▶ _AIM OF THE TASK_: Restate the following entries exactly. Keep the pictures out.

▶ _DATA TO PROCESS_:
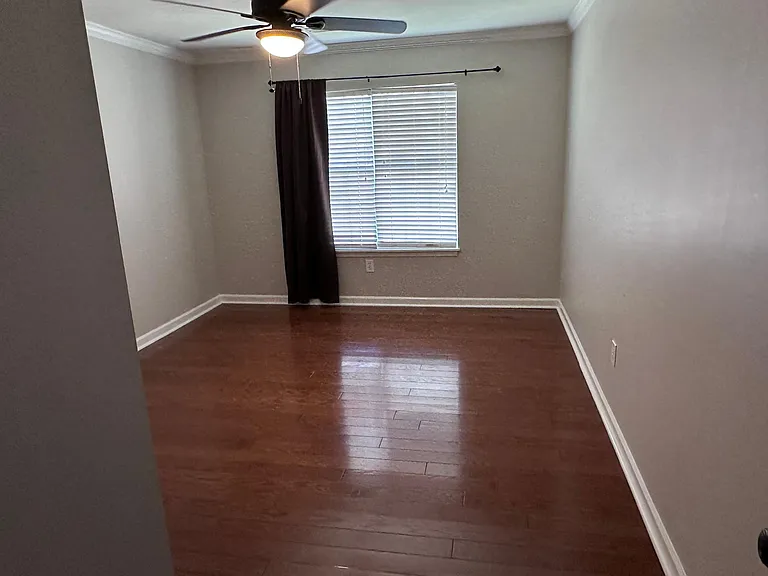 823 Harbor Place Dr — Photo 25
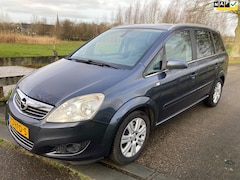 Opel Zafira - 2.2 Cosmo 7 persoons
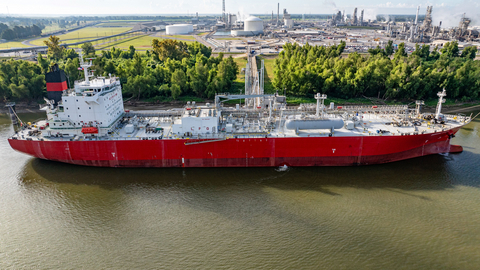 original CF Industries loading 23,500 metric tons of low-carbon ammonia for Trafigura on September 25, 2025, in Donaldsonville, Louisiana. Trafigura purchased the ammonia for shipment to Envalior, which intends to use the low-carbon ammonia for the production of low-carbon caprolactam.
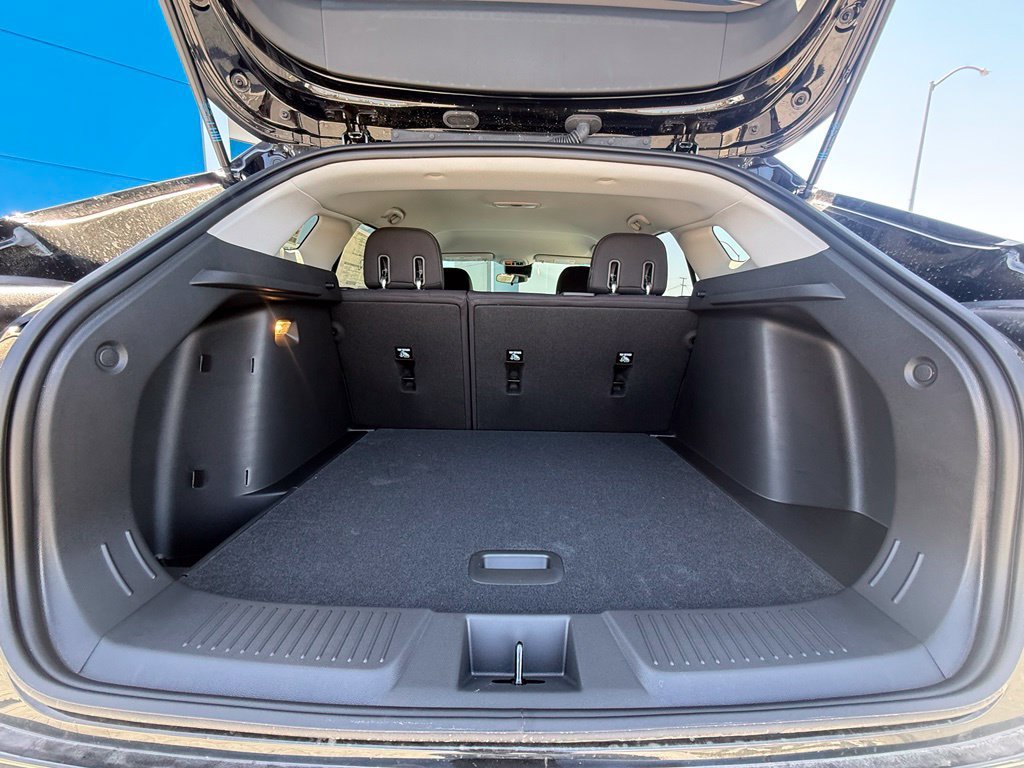 2026 Chevrolet Trax LS - Photo 9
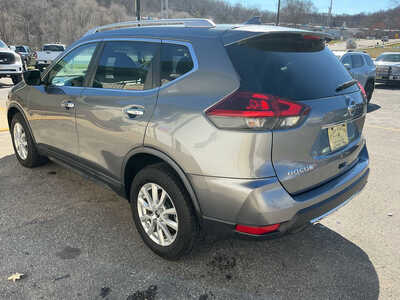 2018 Nissan Rogue, $12990. Photo 7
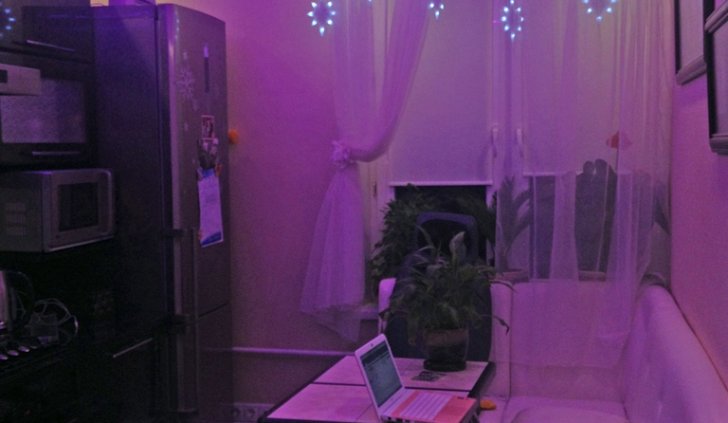 Освещение кухни светодиодной лентой RGB на потолке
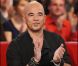 Pour le Vivement dimanche de son ami Florent Pagny, Pascal Obispo a tenu à lui faire une surprise en faisant un détour par le plateau. Il s'agit de l'émission du dimanche 8 mai, enregistrée à Paris  le mardi 3 mai.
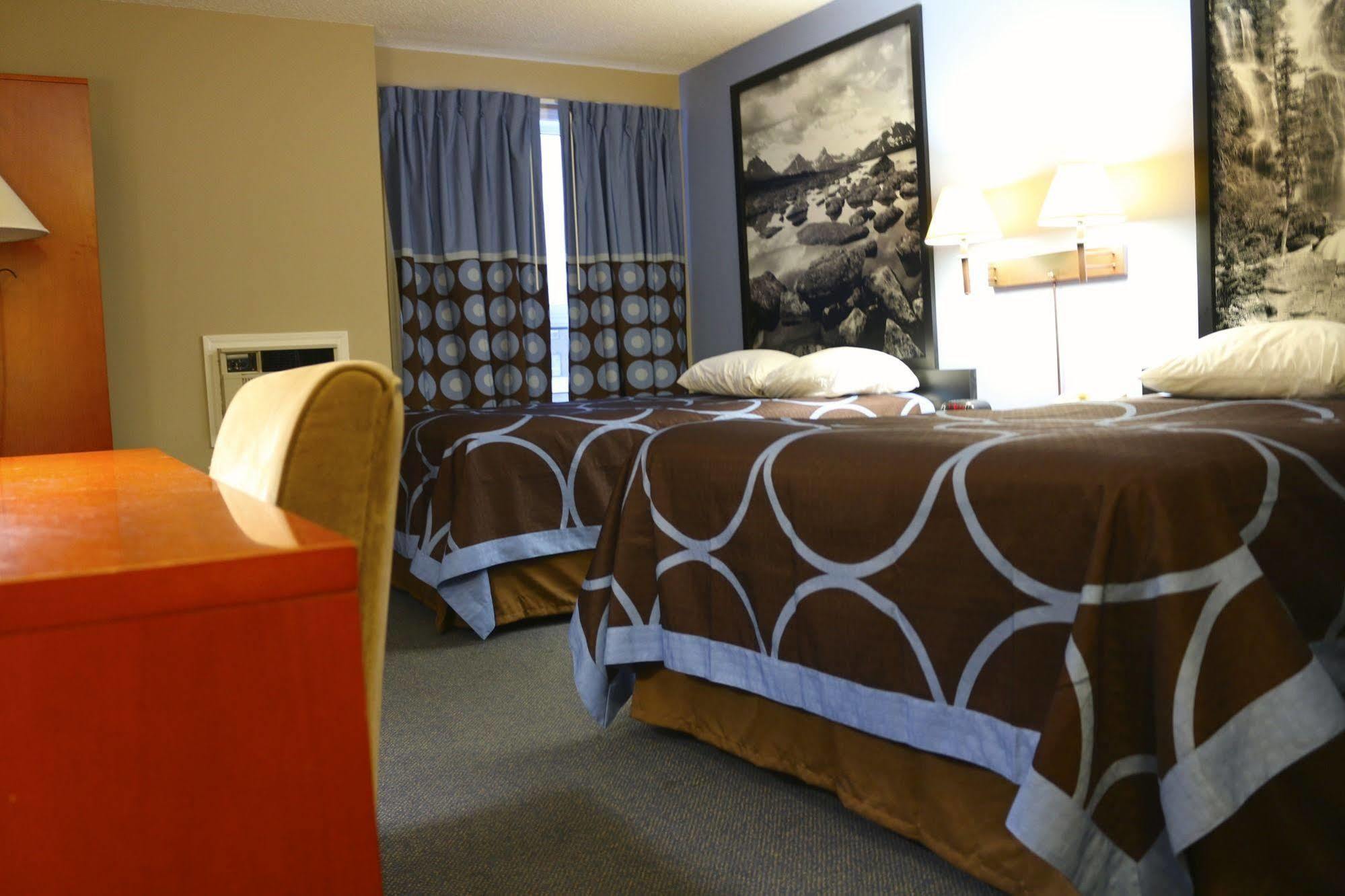 Super 8 By Wyndham Sherwood Park/Edmonton Area Екстериор снимка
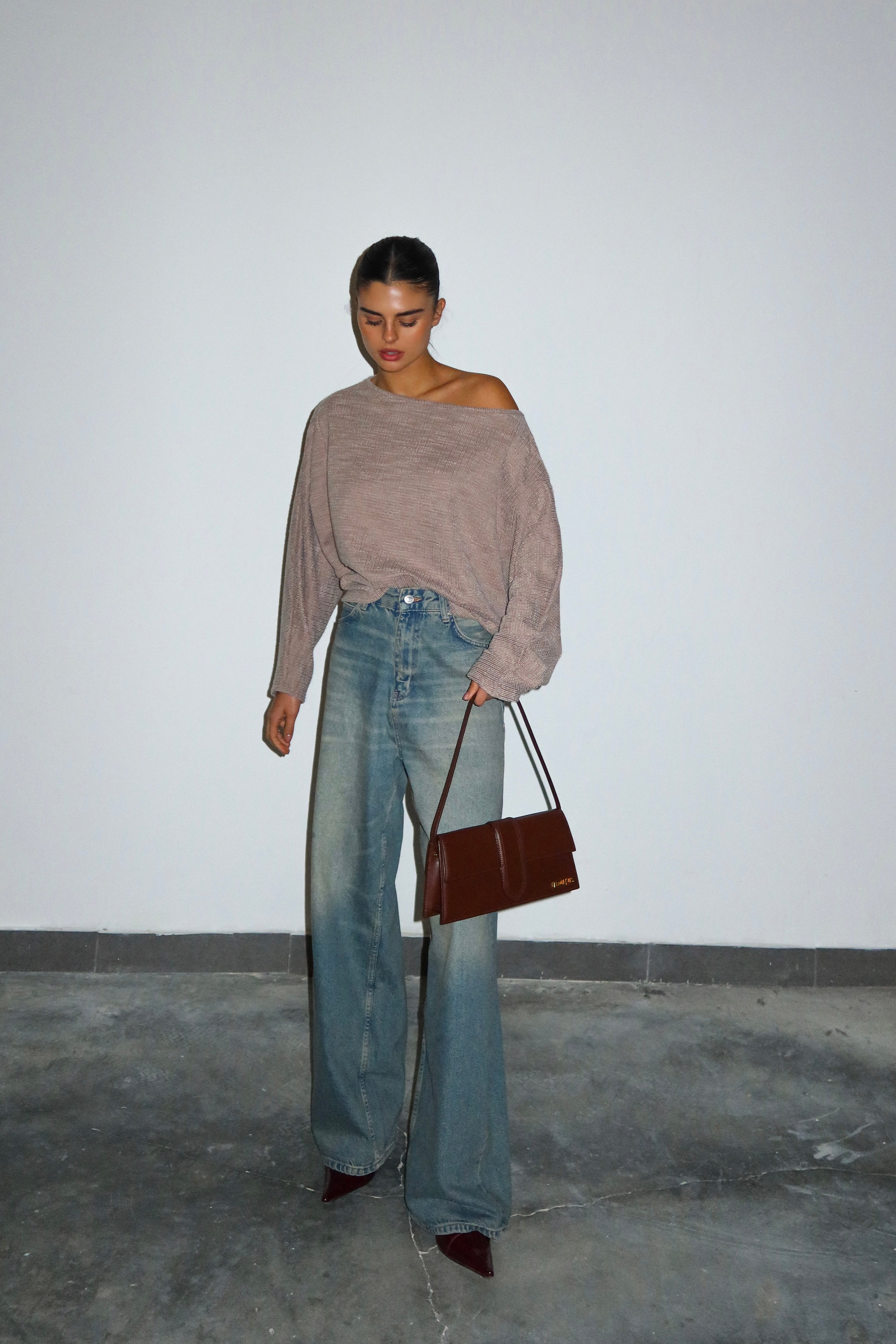 חולצת ג׳סטין-מוקה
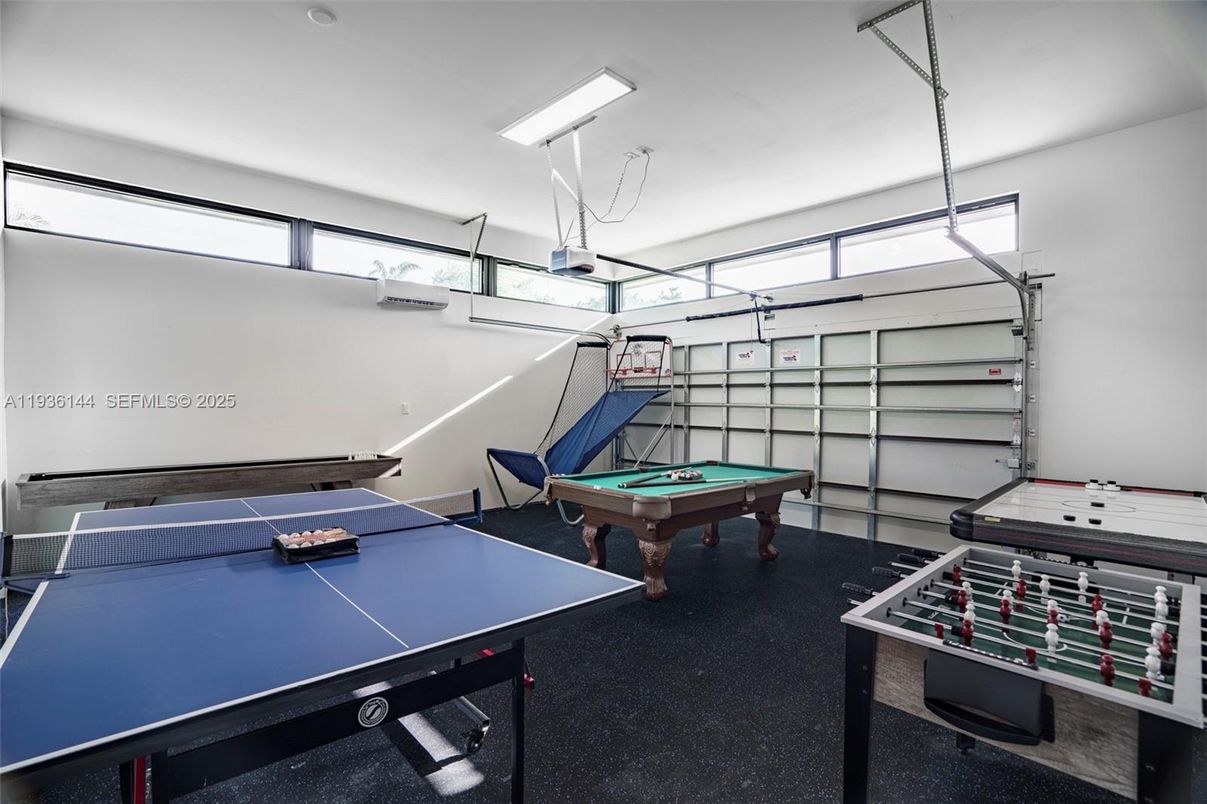 Billiard Table, Game Room, Interior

▶ _THE ANSWER_:
 823 Harbor Place Dr — Photo 25
 Opel Zafira - 2.2 Cosmo 7 persoons
 original CF Industries loading 23,500 metric tons of low-carbon ammonia for Trafigura on September 25, 2025, in Donaldsonville, Louisiana. Trafigura purchased the ammonia for shipment to Envalior, which intends to use the low-carbon ammonia for the production of low-carbon caprolactam.
 2026 Chevrolet Trax LS - Photo 9
 2018 Nissan Rogue, $12990. Photo 7
 Освещение кухни светодиодной лентой RGB на потолке
 Pour le Vivement dimanche de son ami Florent Pagny, Pascal Obispo a tenu à lui faire une surprise en faisant un détour par le plateau. Il s'agit de l'émission du dimanche 8 mai, enregistrée à Paris  le mardi 3 mai.
 Super 8 By Wyndham Sherwood Park/Edmonton Area Екстериор снимка
 חולצת ג׳סטין-מוקה
 Billiard Table, Game Room, Interior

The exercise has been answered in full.